Hello, men.  Welcome back to the podcast.  Today we’re in our second episode of a 4 part series called 4 pillars of a man’s heart.  This is based on the book with the same title that was written by Stu Weber.  Last episode we looked at the King Pillar and we saw that Jesus has called us to lead, but that he has also given us very clear instructions on how we should lead and that is by being the biggest servants in our homes and our churches.   Today, we’re looking at the warrior pillar.  I want you to notice it isn’t called the fighter pillar.  There is a big difference between being a fighter and a warrior. A fighter is often short-tempered, quarrelsome, insecure, and selfish.  A warrior is self sacrificing, looking out for the greater good rather than his own good, and acts with self control.  In short, a warrior is meek. The word picture behind the word meek in the Bible is that of a bridled war horse.  It isn’t timid.  It isn’t weak.  It is powerful, strong, even ferocious, but it’s under control. 

Identifying the Enemy 

A warrior has to know who the enemy is.  Our enemy is cunning and is always looking for an opportune time to strike. If we’re not careful and intentional we can inflict casualties on our own side. 

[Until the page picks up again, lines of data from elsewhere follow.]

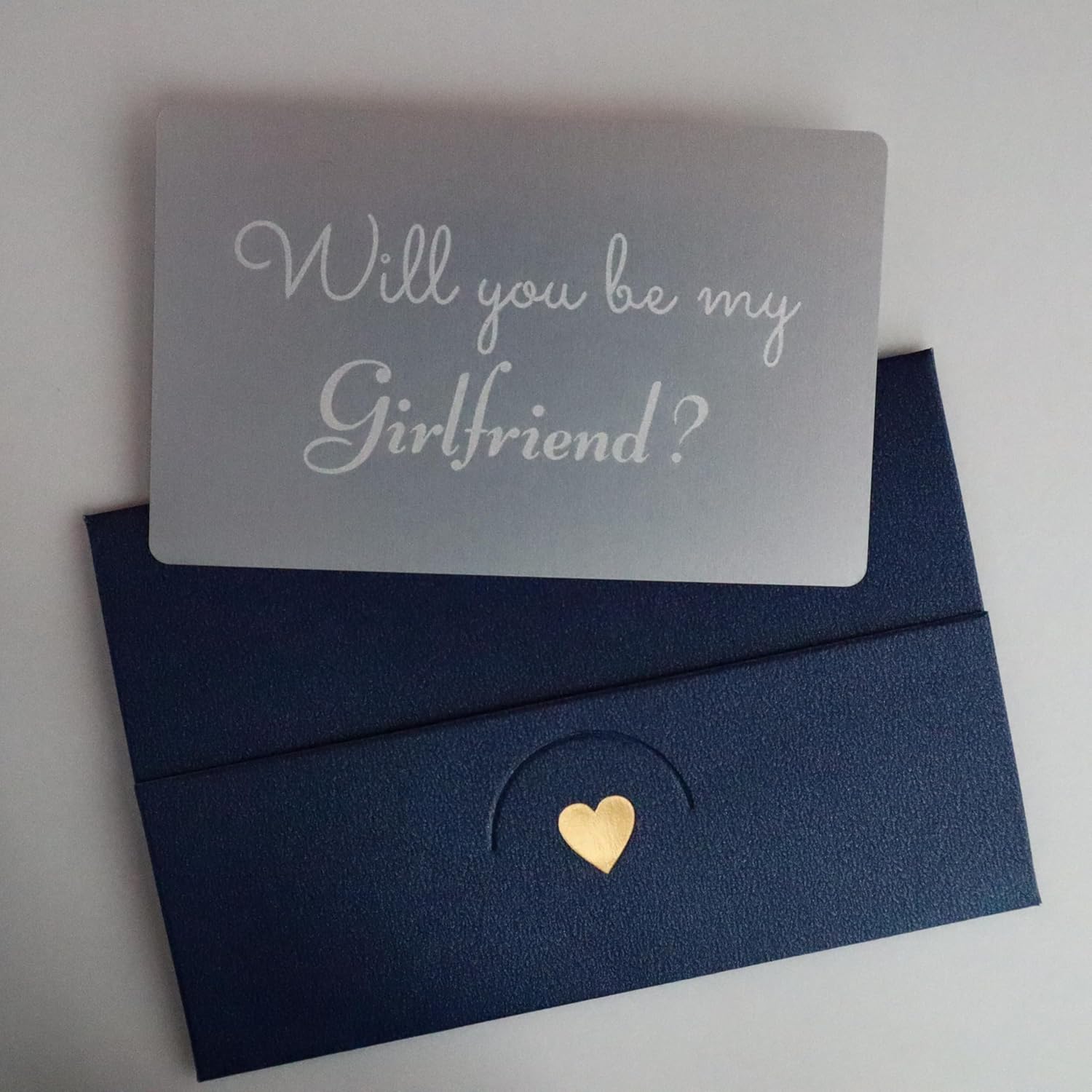 Will You Be My Girlfriend? Gray Elegant Proposal card for her, simple and powerful, Heartfelt with Royal Blue Envelope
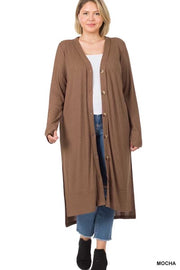 SALE! 22 OT-K {Close To You} Mocha Ribbed Button Up Duster PLUS SIZE 1X 2X 3X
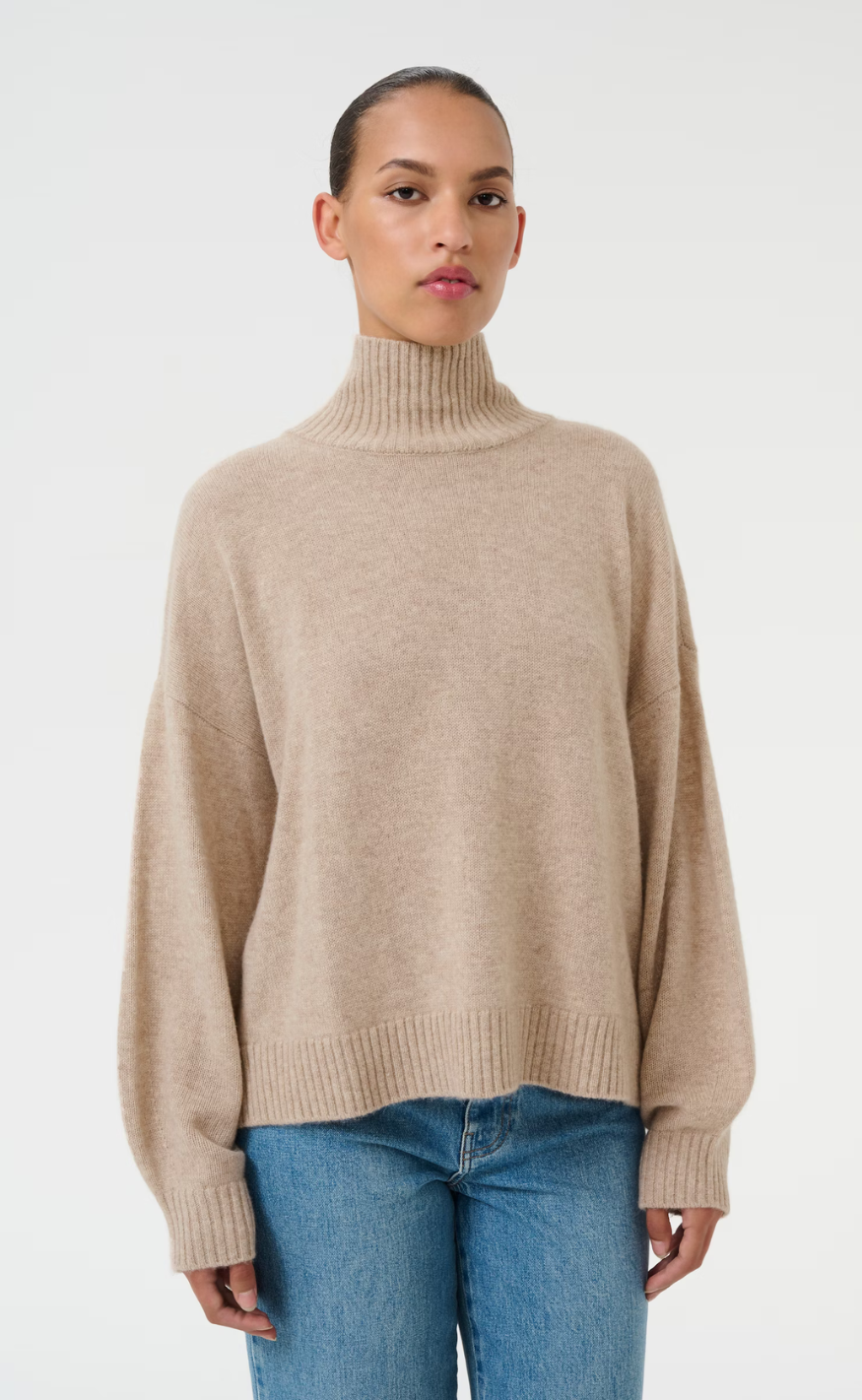 Gestuz Pullover - Casia High Neck - Light Weight Beige Melange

Let me start with a couple of passages of scripture…

Ephesians 6:12  For we[a] are not fighting against flesh-and-blood enemies, but against evil rulers and authorities of the unseen world, against mighty powers in this dark world, and against evil spirits in the heavenly places.

  • It is so easy to forget who the real enemy is.  

1 Peter 5:8 Stay alert! Watch out for your great enemy, the devil. He prowls around like a roaring lion, looking for someone to devour. 

  • Who is our great enemy? – The devil.  Our great enemy isn’t the other side of the political aisle. It isn’t the school board

Tactics of Battle 

We do not wage war like the world does. A warrior needs to remember what the primary objective is and not allow distractions to pull him away from the objective. We would be foolish to enter this battle alone.

2 Corinthians 10:3-5 We are human, but we don’t wage war as humans do. 4 [a]We use God’s mighty weapons, not worldly weapons, to knock down the strongholds of human reasoning and to destroy false arguments. 5 We destroy every proud obstacle that keeps people from knowing God. We capture their rebellious thoughts and teach them to obey Christ. 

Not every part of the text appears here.